To our south, apart from our inability to stop oil bunkering, there is the spectre of Equatorial Guinea in the ultra-strategic Gulf of Guinea. You want to promote democracy? This country competes with Eritrea for the title "Africa's North Korea". Before crude oil, it was a refugee camp masquerading as a country; with crude oil, well, think if North Korea discovered crude oil and the ruling family dynasty there pocketed all the money.

You want to unseat a dictator? Paul Biya is next door. In a different universe, the Democratic Republic of Congo would have been our biggest trading partner by volume, but Cameroun would have been integrated into a joint, shared economy that covered both our countries as well as every other country in the broader neighbourhood.

I am NOT saying we should intervene in Cameroun or anywhere else. In case you have not gleaned the fact by now, I am not a supporter of intervening in places, least of all when you haven't a clue what you are doing or why you are doing it.

It is nevertheless mind-boggling that we ignore problems at home and close to home in favour of ill-thought-out adventures in Cote d'Ivoire and Darfur. The weird thing is we would be in a better position to influence events in Cote d'Ivoire and Sudan if we fixed problems closer to home; we might even be able to rely on newly stable neighbours to assist us in any so-called intervention, rather than having to carry the whole load alone as usual.

Why prioritize the "international community's" interests and ignore our own? If the "international community" are so gung-ho on military intervention in Africa, I could make a long list of countries that need it far more than Cote d'Ivoire does ... starting with Equatorial Guinea. Oddly, the "international community" is good friends with the Equatotoguinean dictatorship. In fact, if Nigeria were to intervene in Equatorial Guinea, their reaction would be somewhat similar to their reaction to Iraq invading Kuwait.

I suppose if they want to militarily intervene in Cote d'Ivoire using their own troops, Nigeria is hardly in a position to stop them, but why should we use our troops to enforce their strategic aims. But if you tasked me with coming up with a solution to the Ivoirien crisis, we could talk about different ideas excluding outside military intervention.

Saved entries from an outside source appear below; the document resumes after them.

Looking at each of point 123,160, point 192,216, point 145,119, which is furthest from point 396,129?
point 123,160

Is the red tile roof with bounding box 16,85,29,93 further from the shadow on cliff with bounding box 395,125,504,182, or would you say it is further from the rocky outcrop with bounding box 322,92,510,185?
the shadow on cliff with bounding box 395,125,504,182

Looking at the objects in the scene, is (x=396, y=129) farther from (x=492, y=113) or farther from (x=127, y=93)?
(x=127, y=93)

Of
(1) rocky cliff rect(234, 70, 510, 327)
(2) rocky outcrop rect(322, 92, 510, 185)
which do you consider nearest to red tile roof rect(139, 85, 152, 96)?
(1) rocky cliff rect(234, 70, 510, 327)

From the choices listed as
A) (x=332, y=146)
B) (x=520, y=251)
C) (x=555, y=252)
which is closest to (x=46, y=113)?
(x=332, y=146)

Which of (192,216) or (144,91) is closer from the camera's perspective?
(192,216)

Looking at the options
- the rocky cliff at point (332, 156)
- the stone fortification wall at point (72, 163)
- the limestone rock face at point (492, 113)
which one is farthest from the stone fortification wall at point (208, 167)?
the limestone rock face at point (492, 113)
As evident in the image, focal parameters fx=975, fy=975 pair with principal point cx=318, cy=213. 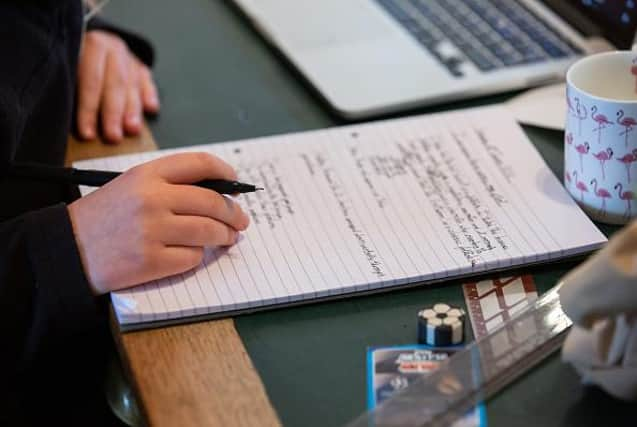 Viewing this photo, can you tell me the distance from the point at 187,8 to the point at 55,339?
0.57 meters

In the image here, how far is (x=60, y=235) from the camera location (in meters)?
0.67

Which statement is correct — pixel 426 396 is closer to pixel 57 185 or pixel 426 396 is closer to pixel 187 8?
pixel 57 185

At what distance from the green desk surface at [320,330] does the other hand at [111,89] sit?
24mm

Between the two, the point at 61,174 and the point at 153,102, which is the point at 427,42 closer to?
the point at 153,102

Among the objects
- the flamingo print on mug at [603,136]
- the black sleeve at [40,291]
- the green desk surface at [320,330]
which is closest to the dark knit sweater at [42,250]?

As I said earlier, we are dealing with two large armies; the official government army has ballooned from a negligible size during Houphouet's autocracy to become the second-largest in West Africa behind Nigeria and the New Forces are at least large enough to balance the official government army. Both armies have access to mercenaries from neighbouring countries. One wonders where the armies are getting their munitions; such materiel is not manufactured in commercial quantities anywhere in West Africa.

I do not see anyone trying to use a military intervention to resolve the problem in Cyprus. Don't misunderstand me. I would hate to see Cote d'Ivoire remain divided for as long as Cyprus. That said, sometimes when you have let the situation get away from you, you have to take a step back as opposed to escalating a situation you already have no control over.

Maybe, just maybe, if the Cote d'Ivoire stabilizes along the lines of Cyprus we can create enough time and political space for new unionist political movements/parties/forces to rise on both sides of the divide. There is a desperate need for a pan-Ivoirien political movement on both sides of the line, movements that could eventually bring the two halves back together, as the West German and East German wings of the CDU did in Germany. Since there are no superpowers with vested interests in keeping Cote d'Ivoire separate, we should have long to wait. Unfortunately I do not think unity is possible so long as Gbagbo, Ouattara and Bedie are still politically relevant.

Actually, if the south and north can install temporary technocratic representation that sidelines Gbagbo and Ouattara, Nigeria and ECOWAS should take the position of neutral arbiters providing the umbrella for a timetable for the reestablishment of unity. Cote d'Ivoire may have to become a semi-federal ten-province republic, or adopt some other constitutional reforms that address fundamental questions.